Il est d’une totale immobilité, sauf la queue. Elle décrit de lentes contorsions comme une branche qui se courbe dans un sens puis d’un autre sous le vent. Avec de temps en temps une saccade de coups de fouets qui zèbrent l’air avec le bout de sa queue. Aussi instantanément qu’il s’est figé, il se remet soudain à marcher de son allure nonchalante et coulée. Il lève bien haut les pattes pour enjamber la maigre végétation. Il n’a rien attrapé bien qu’il ait sauté d’un bloc, toutes griffes dehors sur la possible présence d’un petit rongeur lui-même tremblant de peur sous deux petites herbes dans la hantise de se faire découvrir, ce qui en fait était presque le cas.
Mais rien n’indique dans sa démarche qu’il ait loupé sa proie et c’est d’un pas hyper-tranquille, presque méprisant, qu’il poursuit son chemin. Le seul signe avait été ces brusques secousses agacées de la queue. Là oui il n’était pas content mais sans faire le moindre mouvement avec son corps, les pattes encore posées sur l’endroit ciblé, espérant peut-être comme un joueur de poker qu’il l’avait bien attrapée et qu’il suffisait, comme quand on retourne la carte, qu’il se relève pour la voir.
Je suis certain qu’il adoptait son allure désinvolte, malgré son échec, parce qu’il m’avait vu. Ou plutôt senti, car il n’a jamais tourné la tête. C’est-à-dire qu’il avait compris, sans la moindre démonstration, que je le regardais, que j’avais observé son saut et son immobilité sauf la queue.
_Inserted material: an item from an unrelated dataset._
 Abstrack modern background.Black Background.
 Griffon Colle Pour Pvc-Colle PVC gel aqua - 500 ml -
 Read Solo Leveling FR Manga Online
Alors pour bien me montrer son mépris des voyeurs, non seulement il ne me regardait pas, mais même il m’ignorait complètement, comme si j’étais un arbre du décor.
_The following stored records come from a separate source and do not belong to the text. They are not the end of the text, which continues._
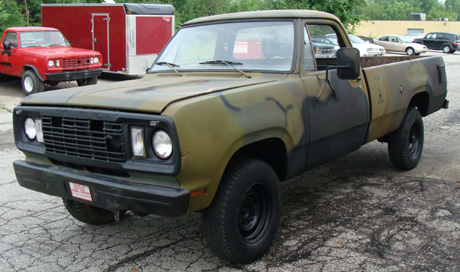 1977 Dodge M-880 By Bob Burroughs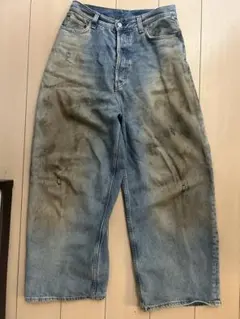 ZARA バギーフィット デニムパンツ ey36 us29 アクネ acne - メルカリ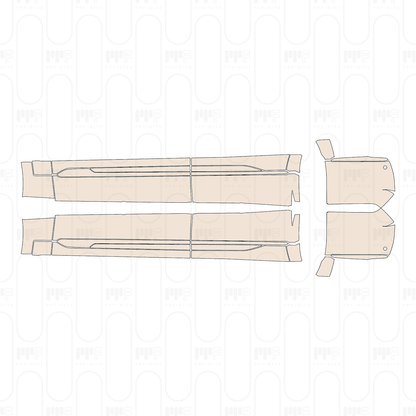 Pre-Cut PPF Cadillac Vistiq Sport 2026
Pourtant, d’habitude, quand il me voit, il vient me chercher avec son bruit de crécelle pour m’emmener à son assiette, pas toujours vide d’ailleurs puisque c’est un reflexe et que je suis définitivement associé à sa gamelle. Bien sûr il ne vient pas tous les jours, parfois même pas d’une semaine, mais quand il est là, c’est quatre fois par jour qu’il appelle quand il me voit. Ou plutôt entend, car dès que je sors par une porte ou l’autre il arrive soudain et réclame sa pitance. À ces moments-là je lui parle. En général je lui dis « oui on arrive », passe devant j’arrive ? Quelquefois c’est « oui mais tu viens de finir », tu as encore faim, c’est pas possible, je suis sûr que ton assiette n’est pas vide. Et de temps en temps c’est « non » et là c’est dur, il s’arrête, s’assied, ne me regarde pas bien sûr, mais marque le coup. Qu’à cela ne tienne, deux heures après il recommence.
Pourtant il est assez partageur et nous amène devant la porte de l’écurie, un demi-lapin, ou un demi-rat, toujours l’arrière rien que pour nous. C’est gentil.
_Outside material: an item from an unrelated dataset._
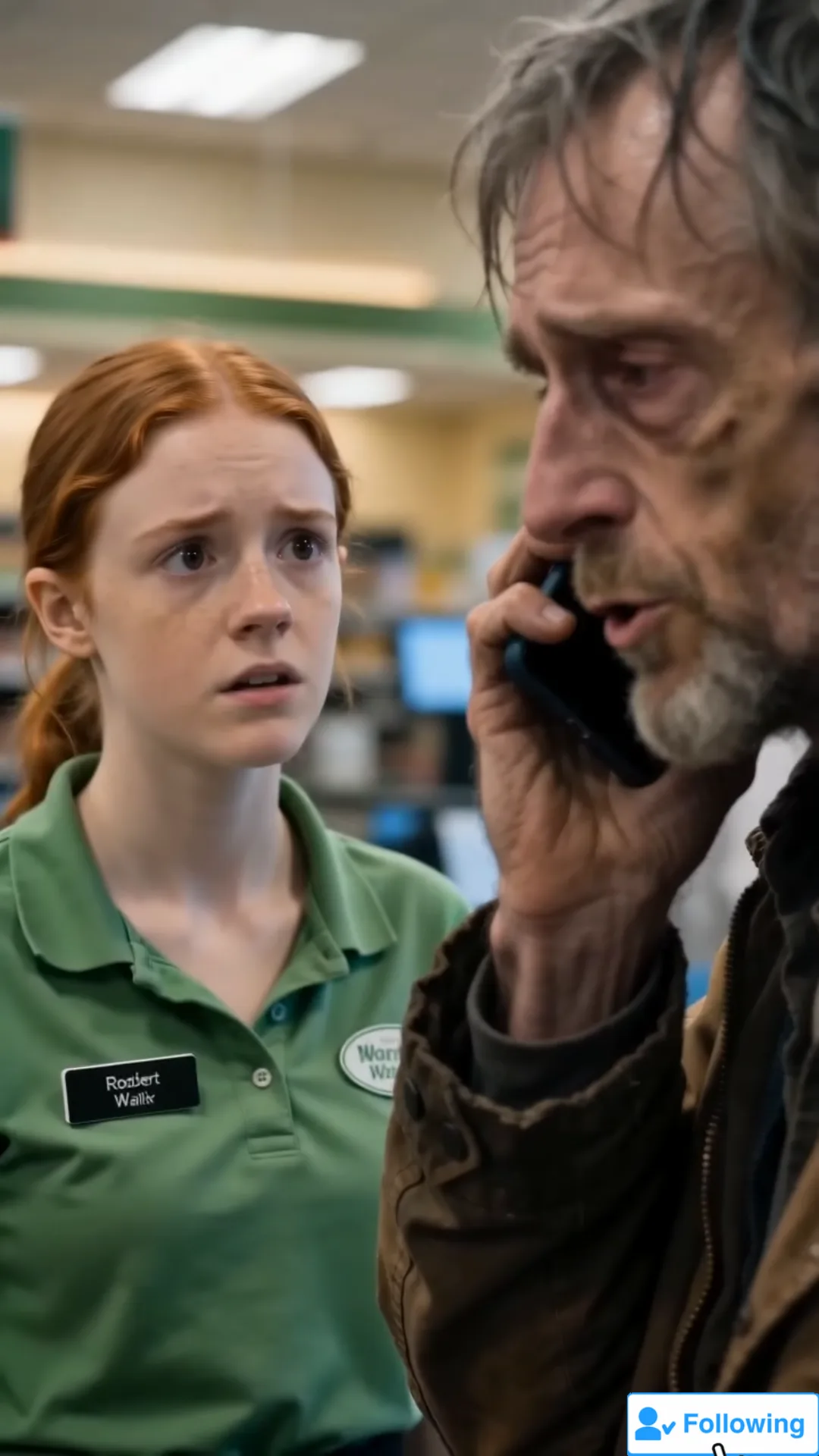 THE CASHIER WHO PAID FOR A STRANGER'S MILK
Quand il est là, entre deux repas il dort. En fait il dort presque tout le temps. Quelquefois pour faire cinquante mètres, il s’arrête trois fois s’allonge complètement sur le côté, voire sur le dos ou se cale dans l’angle d’un mur avec le sol et pique un petit roupillon la tête posée sur une patte ou même les pattes en l’air. Dormir est un bien grand mot puisque même étalé, immobile, les yeux fermés il me voit et si je m’approche il est déjà debout en réclamant son dû.
Notre chat s’appelle picasso, c’est un artiste.